Work request —
Below this line are records; transcribe exactly the lines between the one holding "TN 10th std" and the one holding "07/13/2025 - Pam", inclusive, and omit the pictures.

Data for the task —

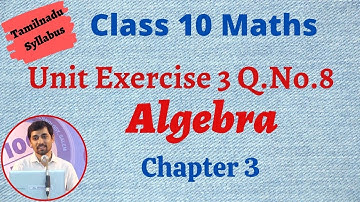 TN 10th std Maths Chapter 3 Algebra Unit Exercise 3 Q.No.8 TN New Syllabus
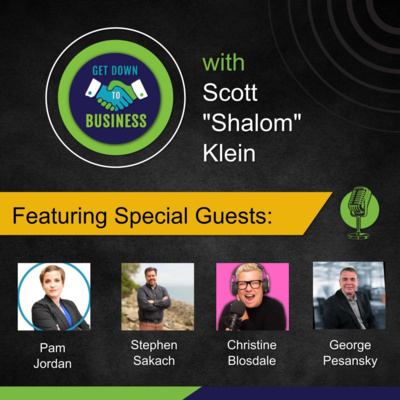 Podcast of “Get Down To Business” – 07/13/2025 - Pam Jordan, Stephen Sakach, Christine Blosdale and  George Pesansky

* * *

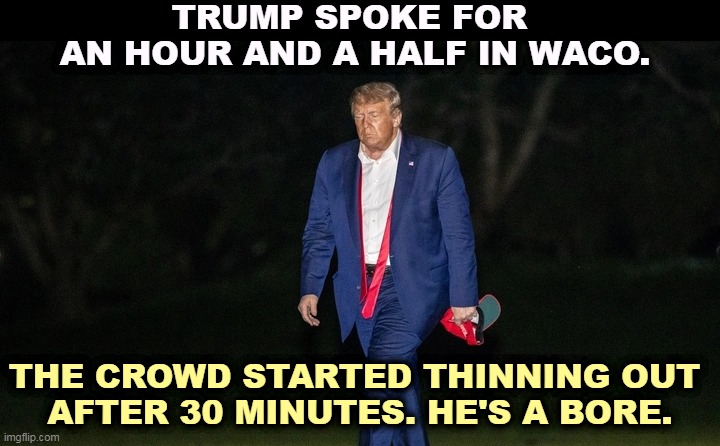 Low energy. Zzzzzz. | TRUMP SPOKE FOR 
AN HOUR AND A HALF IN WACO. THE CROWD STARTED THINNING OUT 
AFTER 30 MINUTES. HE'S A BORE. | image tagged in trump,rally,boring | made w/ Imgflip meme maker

Answer for the task —
 TN 10th std Maths Chapter 3 Algebra Unit Exercise 3 Q.No.8 TN New Syllabus
 Podcast of “Get Down To Business” – 07/13/2025 - Pam Jordan, Stephen Sakach, Christine Blosdale and  George Pesansky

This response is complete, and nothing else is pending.